#### What the task requires
From the line with "CALVIN KLEIN Men" to the line with "Nutmeg Boys Green", retype every line exactly, including those two, and leave out the rest of the data below.

Short web captions
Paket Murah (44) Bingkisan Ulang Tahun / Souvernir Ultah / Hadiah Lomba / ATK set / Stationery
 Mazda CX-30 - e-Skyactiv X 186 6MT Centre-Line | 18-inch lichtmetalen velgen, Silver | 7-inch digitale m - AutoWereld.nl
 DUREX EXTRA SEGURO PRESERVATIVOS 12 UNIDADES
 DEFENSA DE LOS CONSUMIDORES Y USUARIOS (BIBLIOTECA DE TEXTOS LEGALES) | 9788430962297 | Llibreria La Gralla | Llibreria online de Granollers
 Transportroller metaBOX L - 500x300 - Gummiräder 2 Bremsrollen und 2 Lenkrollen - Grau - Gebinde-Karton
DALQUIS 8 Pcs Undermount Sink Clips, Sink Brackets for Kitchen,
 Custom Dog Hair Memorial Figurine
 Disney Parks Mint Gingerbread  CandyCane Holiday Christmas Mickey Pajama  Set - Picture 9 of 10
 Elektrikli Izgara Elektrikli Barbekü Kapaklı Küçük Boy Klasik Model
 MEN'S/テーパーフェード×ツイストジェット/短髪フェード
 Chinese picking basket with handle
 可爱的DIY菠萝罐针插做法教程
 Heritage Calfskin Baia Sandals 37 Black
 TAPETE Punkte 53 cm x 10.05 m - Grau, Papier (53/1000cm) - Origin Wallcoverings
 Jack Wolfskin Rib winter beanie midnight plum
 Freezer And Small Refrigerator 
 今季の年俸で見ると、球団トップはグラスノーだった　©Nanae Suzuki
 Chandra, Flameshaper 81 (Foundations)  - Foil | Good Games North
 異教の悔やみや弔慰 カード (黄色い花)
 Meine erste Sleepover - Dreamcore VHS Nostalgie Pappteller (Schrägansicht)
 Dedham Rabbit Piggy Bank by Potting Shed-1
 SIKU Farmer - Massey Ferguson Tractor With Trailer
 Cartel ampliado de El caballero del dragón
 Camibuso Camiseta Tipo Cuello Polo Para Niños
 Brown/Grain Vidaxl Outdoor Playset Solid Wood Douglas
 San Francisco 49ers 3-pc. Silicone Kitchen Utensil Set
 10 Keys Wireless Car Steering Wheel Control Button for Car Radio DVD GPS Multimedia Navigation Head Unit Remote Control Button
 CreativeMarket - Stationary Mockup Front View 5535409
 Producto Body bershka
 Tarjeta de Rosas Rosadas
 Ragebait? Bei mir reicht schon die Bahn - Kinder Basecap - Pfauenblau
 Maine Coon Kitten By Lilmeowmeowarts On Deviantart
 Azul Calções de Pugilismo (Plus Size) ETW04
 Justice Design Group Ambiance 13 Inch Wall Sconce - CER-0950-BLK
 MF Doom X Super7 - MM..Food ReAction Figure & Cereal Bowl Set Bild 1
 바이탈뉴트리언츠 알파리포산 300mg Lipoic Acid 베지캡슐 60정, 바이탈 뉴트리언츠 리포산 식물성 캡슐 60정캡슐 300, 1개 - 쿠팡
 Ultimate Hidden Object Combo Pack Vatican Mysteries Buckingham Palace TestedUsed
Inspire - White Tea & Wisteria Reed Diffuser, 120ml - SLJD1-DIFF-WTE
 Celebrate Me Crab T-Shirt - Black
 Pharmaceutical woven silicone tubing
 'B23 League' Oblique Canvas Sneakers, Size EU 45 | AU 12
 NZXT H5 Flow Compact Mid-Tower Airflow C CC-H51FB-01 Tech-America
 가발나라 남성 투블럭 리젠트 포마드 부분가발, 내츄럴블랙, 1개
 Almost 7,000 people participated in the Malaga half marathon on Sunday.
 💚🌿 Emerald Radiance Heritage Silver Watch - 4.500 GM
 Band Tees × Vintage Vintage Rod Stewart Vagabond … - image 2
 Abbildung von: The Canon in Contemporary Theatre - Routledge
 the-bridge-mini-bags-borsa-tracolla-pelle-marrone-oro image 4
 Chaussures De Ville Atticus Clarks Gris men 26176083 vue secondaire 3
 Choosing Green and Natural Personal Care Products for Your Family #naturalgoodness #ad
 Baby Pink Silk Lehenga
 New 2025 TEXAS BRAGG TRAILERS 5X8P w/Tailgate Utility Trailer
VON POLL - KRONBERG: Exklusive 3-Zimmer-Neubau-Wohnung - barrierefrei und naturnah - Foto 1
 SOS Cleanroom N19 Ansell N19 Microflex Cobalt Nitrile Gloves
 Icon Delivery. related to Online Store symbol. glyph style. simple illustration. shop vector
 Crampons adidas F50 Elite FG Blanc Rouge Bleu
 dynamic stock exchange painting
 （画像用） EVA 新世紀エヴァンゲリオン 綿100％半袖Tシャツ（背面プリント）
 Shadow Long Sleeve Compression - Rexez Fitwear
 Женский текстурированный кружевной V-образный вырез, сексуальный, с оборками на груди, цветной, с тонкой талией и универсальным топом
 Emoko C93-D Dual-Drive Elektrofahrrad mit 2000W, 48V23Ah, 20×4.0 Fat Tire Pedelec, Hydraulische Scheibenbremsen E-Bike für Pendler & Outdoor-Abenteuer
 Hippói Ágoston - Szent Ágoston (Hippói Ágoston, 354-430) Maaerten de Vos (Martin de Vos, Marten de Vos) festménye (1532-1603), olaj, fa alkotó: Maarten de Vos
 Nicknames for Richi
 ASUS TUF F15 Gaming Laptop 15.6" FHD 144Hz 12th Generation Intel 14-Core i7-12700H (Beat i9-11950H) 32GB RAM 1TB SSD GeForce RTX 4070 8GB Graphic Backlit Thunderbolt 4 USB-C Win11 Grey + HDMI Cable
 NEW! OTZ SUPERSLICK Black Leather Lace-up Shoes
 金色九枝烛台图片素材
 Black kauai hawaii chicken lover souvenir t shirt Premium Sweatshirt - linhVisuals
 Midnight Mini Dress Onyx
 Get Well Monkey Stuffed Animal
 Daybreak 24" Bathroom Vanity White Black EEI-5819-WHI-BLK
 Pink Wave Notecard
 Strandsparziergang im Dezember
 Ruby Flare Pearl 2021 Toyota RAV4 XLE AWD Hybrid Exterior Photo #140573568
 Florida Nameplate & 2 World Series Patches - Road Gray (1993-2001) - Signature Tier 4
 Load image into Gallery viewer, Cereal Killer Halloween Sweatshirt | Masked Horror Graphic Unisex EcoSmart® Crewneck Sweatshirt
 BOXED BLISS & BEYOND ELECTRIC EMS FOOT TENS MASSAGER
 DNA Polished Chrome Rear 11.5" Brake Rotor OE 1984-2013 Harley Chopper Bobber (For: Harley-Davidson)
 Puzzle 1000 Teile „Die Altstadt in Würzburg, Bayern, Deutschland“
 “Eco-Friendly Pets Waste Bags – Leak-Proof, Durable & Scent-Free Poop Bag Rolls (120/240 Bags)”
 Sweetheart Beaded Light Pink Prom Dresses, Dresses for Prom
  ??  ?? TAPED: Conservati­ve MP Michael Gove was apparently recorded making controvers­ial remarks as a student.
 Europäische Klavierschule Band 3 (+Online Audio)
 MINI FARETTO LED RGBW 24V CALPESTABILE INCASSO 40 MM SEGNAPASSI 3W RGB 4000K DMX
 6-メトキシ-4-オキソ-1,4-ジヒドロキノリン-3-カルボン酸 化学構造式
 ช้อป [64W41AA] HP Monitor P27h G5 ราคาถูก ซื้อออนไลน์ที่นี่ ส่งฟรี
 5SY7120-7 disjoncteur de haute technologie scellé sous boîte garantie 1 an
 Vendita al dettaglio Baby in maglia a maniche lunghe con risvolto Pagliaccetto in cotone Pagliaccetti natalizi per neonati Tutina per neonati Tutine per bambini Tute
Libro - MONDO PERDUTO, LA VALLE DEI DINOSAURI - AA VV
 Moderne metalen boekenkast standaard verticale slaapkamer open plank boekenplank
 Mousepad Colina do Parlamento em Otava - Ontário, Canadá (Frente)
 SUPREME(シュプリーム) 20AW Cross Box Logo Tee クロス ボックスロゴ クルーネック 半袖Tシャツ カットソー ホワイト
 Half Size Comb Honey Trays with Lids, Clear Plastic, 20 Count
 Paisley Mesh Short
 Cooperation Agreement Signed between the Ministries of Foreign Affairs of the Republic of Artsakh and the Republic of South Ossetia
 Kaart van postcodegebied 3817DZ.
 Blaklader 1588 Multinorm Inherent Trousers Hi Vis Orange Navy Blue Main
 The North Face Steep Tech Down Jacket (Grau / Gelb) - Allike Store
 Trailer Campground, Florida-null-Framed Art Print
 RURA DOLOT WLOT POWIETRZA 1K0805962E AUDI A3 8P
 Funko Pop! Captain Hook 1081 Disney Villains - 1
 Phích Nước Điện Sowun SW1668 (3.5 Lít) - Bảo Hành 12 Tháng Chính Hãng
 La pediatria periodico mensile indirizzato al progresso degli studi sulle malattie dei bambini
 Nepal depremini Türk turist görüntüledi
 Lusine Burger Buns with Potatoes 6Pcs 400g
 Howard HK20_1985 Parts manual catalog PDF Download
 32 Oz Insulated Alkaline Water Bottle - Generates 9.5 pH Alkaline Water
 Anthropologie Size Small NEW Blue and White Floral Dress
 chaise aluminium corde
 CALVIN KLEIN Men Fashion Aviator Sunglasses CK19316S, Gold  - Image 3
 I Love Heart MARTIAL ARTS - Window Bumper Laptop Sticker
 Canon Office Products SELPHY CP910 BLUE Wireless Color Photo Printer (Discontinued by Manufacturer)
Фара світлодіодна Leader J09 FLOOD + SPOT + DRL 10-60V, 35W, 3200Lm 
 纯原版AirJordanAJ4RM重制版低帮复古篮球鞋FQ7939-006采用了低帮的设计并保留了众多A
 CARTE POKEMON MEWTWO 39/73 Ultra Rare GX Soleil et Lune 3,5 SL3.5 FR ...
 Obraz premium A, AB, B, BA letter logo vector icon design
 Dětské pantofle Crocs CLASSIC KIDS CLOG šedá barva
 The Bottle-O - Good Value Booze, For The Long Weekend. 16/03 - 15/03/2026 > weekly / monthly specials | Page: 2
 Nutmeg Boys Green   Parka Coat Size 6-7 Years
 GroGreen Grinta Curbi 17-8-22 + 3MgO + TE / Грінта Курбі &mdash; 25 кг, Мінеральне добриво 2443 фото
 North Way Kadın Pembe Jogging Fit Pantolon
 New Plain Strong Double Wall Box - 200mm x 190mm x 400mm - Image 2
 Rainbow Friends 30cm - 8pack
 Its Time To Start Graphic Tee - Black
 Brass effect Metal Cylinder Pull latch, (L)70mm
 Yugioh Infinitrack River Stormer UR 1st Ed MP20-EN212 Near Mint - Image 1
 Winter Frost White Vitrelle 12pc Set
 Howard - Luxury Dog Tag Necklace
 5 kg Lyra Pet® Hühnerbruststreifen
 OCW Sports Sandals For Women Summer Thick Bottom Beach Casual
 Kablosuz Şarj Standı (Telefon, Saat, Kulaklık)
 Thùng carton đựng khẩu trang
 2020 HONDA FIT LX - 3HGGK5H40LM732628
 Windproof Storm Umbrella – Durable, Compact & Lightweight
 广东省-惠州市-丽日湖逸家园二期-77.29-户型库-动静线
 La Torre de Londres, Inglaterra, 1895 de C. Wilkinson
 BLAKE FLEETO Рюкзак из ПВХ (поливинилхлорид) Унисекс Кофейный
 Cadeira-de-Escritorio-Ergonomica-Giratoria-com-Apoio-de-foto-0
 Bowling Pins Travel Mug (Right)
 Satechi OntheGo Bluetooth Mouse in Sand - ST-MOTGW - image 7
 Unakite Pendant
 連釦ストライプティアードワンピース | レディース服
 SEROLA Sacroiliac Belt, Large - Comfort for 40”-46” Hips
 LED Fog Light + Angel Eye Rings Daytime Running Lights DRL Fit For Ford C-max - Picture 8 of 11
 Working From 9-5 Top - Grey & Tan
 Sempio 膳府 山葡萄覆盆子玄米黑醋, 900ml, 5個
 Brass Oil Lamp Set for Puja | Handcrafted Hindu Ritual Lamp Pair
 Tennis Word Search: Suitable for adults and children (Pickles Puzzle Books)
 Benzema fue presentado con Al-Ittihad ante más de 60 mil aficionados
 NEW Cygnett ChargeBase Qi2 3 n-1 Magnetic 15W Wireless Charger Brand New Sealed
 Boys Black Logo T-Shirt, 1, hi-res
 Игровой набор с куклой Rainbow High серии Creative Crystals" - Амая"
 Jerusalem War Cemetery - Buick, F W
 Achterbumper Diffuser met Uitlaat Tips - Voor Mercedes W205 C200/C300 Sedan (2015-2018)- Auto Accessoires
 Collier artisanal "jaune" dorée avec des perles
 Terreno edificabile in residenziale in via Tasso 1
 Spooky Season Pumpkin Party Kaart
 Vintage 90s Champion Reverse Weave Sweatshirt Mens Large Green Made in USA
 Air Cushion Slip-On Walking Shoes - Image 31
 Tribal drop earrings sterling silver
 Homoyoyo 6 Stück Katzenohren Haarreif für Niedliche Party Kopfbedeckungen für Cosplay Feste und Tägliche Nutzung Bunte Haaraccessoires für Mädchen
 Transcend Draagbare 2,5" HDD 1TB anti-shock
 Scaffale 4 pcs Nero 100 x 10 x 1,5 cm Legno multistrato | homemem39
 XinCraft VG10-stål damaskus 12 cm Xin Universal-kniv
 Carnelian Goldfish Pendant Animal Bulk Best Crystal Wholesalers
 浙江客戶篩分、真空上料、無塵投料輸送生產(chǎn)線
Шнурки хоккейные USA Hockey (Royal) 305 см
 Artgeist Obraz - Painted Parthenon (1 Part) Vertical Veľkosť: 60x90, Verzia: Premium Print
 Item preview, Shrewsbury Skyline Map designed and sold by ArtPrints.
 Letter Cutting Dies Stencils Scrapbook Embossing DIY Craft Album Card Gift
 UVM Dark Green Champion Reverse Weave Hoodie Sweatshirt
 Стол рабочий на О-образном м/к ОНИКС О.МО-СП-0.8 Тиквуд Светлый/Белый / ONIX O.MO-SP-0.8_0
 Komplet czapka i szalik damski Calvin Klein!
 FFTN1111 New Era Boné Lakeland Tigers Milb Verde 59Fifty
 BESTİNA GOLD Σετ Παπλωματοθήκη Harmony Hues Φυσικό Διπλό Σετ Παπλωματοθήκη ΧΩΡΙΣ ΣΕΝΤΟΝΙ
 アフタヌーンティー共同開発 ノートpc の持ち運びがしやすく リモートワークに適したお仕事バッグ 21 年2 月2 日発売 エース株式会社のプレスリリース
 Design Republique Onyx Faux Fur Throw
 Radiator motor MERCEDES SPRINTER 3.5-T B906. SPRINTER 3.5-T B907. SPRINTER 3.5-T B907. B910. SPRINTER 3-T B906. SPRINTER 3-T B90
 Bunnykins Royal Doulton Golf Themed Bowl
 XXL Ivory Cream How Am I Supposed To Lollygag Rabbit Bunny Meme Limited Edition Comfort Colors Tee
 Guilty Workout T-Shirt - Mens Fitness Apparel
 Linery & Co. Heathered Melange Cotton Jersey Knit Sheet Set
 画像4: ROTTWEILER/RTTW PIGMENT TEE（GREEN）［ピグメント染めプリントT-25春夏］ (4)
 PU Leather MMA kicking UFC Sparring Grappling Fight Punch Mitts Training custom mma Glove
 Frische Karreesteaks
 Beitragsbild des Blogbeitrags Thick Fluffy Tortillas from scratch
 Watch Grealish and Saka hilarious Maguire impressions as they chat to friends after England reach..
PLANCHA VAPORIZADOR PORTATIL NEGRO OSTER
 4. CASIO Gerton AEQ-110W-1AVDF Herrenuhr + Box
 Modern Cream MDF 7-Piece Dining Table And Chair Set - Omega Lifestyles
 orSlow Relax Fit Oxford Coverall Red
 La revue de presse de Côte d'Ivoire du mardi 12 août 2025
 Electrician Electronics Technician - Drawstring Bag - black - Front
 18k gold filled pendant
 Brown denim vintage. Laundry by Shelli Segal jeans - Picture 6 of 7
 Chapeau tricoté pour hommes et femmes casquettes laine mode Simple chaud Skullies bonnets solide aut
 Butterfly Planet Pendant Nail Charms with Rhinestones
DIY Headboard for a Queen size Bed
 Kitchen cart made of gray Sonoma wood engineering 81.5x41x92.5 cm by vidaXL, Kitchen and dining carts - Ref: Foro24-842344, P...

#### Output of the task
 CALVIN KLEIN Men Fashion Aviator Sunglasses CK19316S, Gold  - Image 3
 I Love Heart MARTIAL ARTS - Window Bumper Laptop Sticker
 Canon Office Products SELPHY CP910 BLUE Wireless Color Photo Printer (Discontinued by Manufacturer)
Фара світлодіодна Leader J09 FLOOD + SPOT + DRL 10-60V, 35W, 3200Lm 
 纯原版AirJordanAJ4RM重制版低帮复古篮球鞋FQ7939-006采用了低帮的设计并保留了众多A
 CARTE POKEMON MEWTWO 39/73 Ultra Rare GX Soleil et Lune 3,5 SL3.5 FR ...
 Obraz premium A, AB, B, BA letter logo vector icon design
 Dětské pantofle Crocs CLASSIC KIDS CLOG šedá barva
 The Bottle-O - Good Value Booze, For The Long Weekend. 16/03 - 15/03/2026 > weekly / monthly specials | Page: 2
 Nutmeg Boys Green   Parka Coat Size 6-7 Years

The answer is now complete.